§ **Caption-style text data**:
........
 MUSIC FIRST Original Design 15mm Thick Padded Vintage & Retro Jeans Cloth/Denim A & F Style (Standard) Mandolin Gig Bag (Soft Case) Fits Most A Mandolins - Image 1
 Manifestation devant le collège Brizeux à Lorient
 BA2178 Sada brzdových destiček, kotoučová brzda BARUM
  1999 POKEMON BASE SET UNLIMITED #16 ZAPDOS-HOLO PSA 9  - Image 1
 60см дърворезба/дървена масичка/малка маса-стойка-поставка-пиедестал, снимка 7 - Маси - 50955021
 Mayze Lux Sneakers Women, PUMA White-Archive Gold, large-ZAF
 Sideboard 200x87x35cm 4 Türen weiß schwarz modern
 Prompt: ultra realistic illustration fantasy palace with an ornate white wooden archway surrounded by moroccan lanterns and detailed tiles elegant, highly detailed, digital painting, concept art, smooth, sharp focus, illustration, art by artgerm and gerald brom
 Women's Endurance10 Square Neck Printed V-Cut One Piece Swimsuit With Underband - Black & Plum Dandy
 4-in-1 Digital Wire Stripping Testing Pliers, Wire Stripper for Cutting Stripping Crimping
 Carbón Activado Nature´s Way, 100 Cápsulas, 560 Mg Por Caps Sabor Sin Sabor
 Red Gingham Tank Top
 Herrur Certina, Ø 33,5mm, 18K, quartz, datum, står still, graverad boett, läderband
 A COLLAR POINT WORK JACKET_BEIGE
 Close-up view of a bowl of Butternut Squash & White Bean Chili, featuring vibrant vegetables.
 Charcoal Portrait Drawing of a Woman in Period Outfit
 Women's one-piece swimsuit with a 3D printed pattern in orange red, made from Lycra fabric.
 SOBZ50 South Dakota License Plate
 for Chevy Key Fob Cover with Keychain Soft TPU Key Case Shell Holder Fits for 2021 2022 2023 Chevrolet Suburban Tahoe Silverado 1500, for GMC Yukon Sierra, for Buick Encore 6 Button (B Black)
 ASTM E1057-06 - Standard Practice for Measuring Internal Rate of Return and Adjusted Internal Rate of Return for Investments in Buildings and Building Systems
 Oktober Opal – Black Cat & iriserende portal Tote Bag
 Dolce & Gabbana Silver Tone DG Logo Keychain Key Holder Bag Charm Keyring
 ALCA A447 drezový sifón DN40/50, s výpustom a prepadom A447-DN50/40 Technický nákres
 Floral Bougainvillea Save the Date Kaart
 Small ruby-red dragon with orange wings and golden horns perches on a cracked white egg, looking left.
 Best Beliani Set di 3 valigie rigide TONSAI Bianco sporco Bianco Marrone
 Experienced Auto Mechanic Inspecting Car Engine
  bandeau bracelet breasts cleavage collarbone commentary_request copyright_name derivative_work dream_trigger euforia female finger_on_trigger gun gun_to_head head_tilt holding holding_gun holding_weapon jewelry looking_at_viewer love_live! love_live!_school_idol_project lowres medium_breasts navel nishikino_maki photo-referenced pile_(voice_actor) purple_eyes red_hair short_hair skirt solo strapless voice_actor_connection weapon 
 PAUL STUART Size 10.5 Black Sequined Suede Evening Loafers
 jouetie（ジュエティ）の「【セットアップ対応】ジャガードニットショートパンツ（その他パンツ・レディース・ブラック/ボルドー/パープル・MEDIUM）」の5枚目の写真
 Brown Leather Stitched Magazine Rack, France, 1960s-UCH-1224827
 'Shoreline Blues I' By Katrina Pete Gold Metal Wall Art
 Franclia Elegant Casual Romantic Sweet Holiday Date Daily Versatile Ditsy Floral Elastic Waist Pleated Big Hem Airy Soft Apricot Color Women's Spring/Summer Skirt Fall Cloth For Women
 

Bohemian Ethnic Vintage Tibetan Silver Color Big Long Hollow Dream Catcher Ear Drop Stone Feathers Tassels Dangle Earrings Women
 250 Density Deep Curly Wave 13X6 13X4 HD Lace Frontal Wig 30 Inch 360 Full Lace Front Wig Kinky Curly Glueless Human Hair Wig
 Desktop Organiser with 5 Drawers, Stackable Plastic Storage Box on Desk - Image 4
........
§ **Exercise objective**: Reproduce the data. Match each line exactly.

§ **Answer for this exercise**:
 MUSIC FIRST Original Design 15mm Thick Padded Vintage & Retro Jeans Cloth/Denim A & F Style (Standard) Mandolin Gig Bag (Soft Case) Fits Most A Mandolins - Image 1
 Manifestation devant le collège Brizeux à Lorient
 BA2178 Sada brzdových destiček, kotoučová brzda BARUM
  1999 POKEMON BASE SET UNLIMITED #16 ZAPDOS-HOLO PSA 9  - Image 1
 60см дърворезба/дървена масичка/малка маса-стойка-поставка-пиедестал, снимка 7 - Маси - 50955021
 Mayze Lux Sneakers Women, PUMA White-Archive Gold, large-ZAF
 Sideboard 200x87x35cm 4 Türen weiß schwarz modern
 Prompt: ultra realistic illustration fantasy palace with an ornate white wooden archway surrounded by moroccan lanterns and detailed tiles elegant, highly detailed, digital painting, concept art, smooth, sharp focus, illustration, art by artgerm and gerald brom
 Women's Endurance10 Square Neck Printed V-Cut One Piece Swimsuit With Underband - Black & Plum Dandy
 4-in-1 Digital Wire Stripping Testing Pliers, Wire Stripper for Cutting Stripping Crimping
 Carbón Activado Nature´s Way, 100 Cápsulas, 560 Mg Por Caps Sabor Sin Sabor
 Red Gingham Tank Top
 Herrur Certina, Ø 33,5mm, 18K, quartz, datum, står still, graverad boett, läderband
 A COLLAR POINT WORK JACKET_BEIGE
 Close-up view of a bowl of Butternut Squash & White Bean Chili, featuring vibrant vegetables.
 Charcoal Portrait Drawing of a Woman in Period Outfit
 Women's one-piece swimsuit with a 3D printed pattern in orange red, made from Lycra fabric.
 SOBZ50 South Dakota License Plate
 for Chevy Key Fob Cover with Keychain Soft TPU Key Case Shell Holder Fits for 2021 2022 2023 Chevrolet Suburban Tahoe Silverado 1500, for GMC Yukon Sierra, for Buick Encore 6 Button (B Black)
 ASTM E1057-06 - Standard Practice for Measuring Internal Rate of Return and Adjusted Internal Rate of Return for Investments in Buildings and Building Systems
 Oktober Opal – Black Cat & iriserende portal Tote Bag
 Dolce & Gabbana Silver Tone DG Logo Keychain Key Holder Bag Charm Keyring
 ALCA A447 drezový sifón DN40/50, s výpustom a prepadom A447-DN50/40 Technický nákres
 Floral Bougainvillea Save the Date Kaart
 Small ruby-red dragon with orange wings and golden horns perches on a cracked white egg, looking left.
 Best Beliani Set di 3 valigie rigide TONSAI Bianco sporco Bianco Marrone
 Experienced Auto Mechanic Inspecting Car Engine
  bandeau bracelet breasts cleavage collarbone commentary_request copyright_name derivative_work dream_trigger euforia female finger_on_trigger gun gun_to_head head_tilt holding holding_gun holding_weapon jewelry looking_at_viewer love_live! love_live!_school_idol_project lowres medium_breasts navel nishikino_maki photo-referenced pile_(voice_actor) purple_eyes red_hair short_hair skirt solo strapless voice_actor_connection weapon 
 PAUL STUART Size 10.5 Black Sequined Suede Evening Loafers
 jouetie（ジュエティ）の「【セットアップ対応】ジャガードニットショートパンツ（その他パンツ・レディース・ブラック/ボルドー/パープル・MEDIUM）」の5枚目の写真
 Brown Leather Stitched Magazine Rack, France, 1960s-UCH-1224827
 'Shoreline Blues I' By Katrina Pete Gold Metal Wall Art
 Franclia Elegant Casual Romantic Sweet Holiday Date Daily Versatile Ditsy Floral Elastic Waist Pleated Big Hem Airy Soft Apricot Color Women's Spring/Summer Skirt Fall Cloth For Women
 

Bohemian Ethnic Vintage Tibetan Silver Color Big Long Hollow Dream Catcher Ear Drop Stone Feathers Tassels Dangle Earrings Women
 250 Density Deep Curly Wave 13X6 13X4 HD Lace Frontal Wig 30 Inch 360 Full Lace Front Wig Kinky Curly Glueless Human Hair Wig
 Desktop Organiser with 5 Drawers, Stackable Plastic Storage Box on Desk - Image 4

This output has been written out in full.